The records that follow should be returned exactly, pictures excluded.

** Opening Supplied records block **

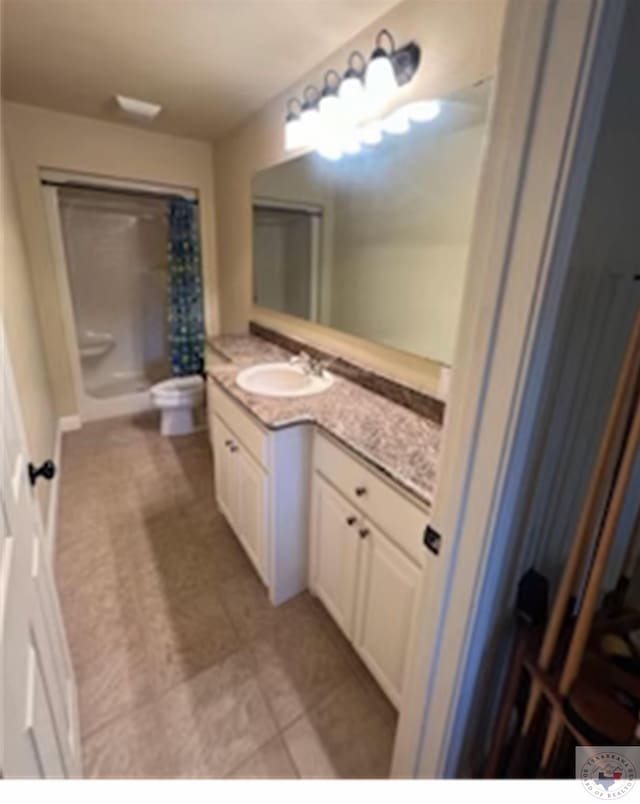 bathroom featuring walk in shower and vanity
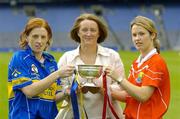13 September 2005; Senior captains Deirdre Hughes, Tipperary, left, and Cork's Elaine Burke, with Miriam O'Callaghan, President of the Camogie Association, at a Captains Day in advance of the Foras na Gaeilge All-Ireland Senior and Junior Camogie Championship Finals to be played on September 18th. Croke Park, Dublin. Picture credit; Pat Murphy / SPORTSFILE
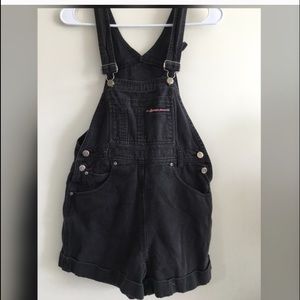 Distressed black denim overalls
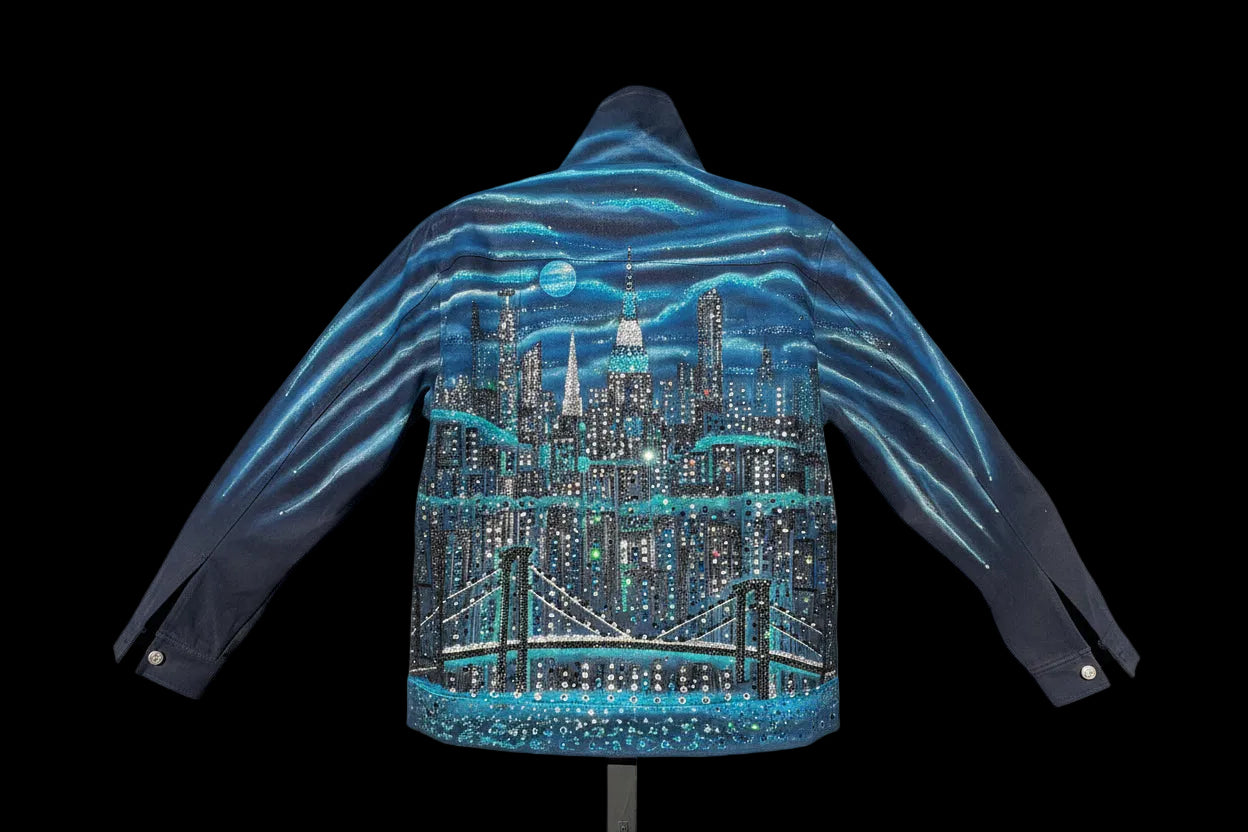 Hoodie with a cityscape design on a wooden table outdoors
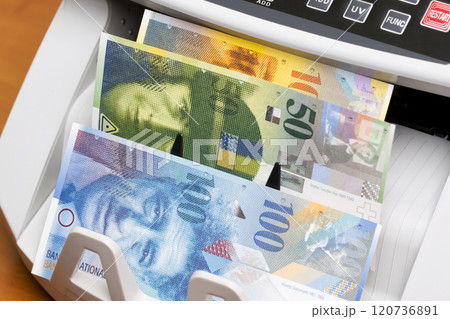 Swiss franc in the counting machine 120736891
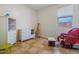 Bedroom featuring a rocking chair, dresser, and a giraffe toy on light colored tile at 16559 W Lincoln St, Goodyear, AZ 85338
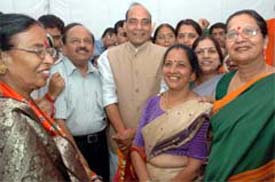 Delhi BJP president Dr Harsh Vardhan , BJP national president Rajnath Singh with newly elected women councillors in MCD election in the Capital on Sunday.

** Closing Supplied records block **

Reply to the exercise »
 bathroom featuring walk in shower and vanity
13 September 2005; Senior captains Deirdre Hughes, Tipperary, left, and Cork's Elaine Burke, with Miriam O'Callaghan, President of the Camogie Association, at a Captains Day in advance of the Foras na Gaeilge All-Ireland Senior and Junior Camogie Championship Finals to be played on September 18th. Croke Park, Dublin. Picture credit; Pat Murphy / SPORTSFILE
 Distressed black denim overalls
 Hoodie with a cityscape design on a wooden table outdoors
 Swiss franc in the counting machine 120736891
 Bedroom featuring a rocking chair, dresser, and a giraffe toy on light colored tile at 16559 W Lincoln St, Goodyear, AZ 85338
 Delhi BJP president Dr Harsh Vardhan , BJP national president Rajnath Singh with newly elected women councillors in MCD election in the Capital on Sunday.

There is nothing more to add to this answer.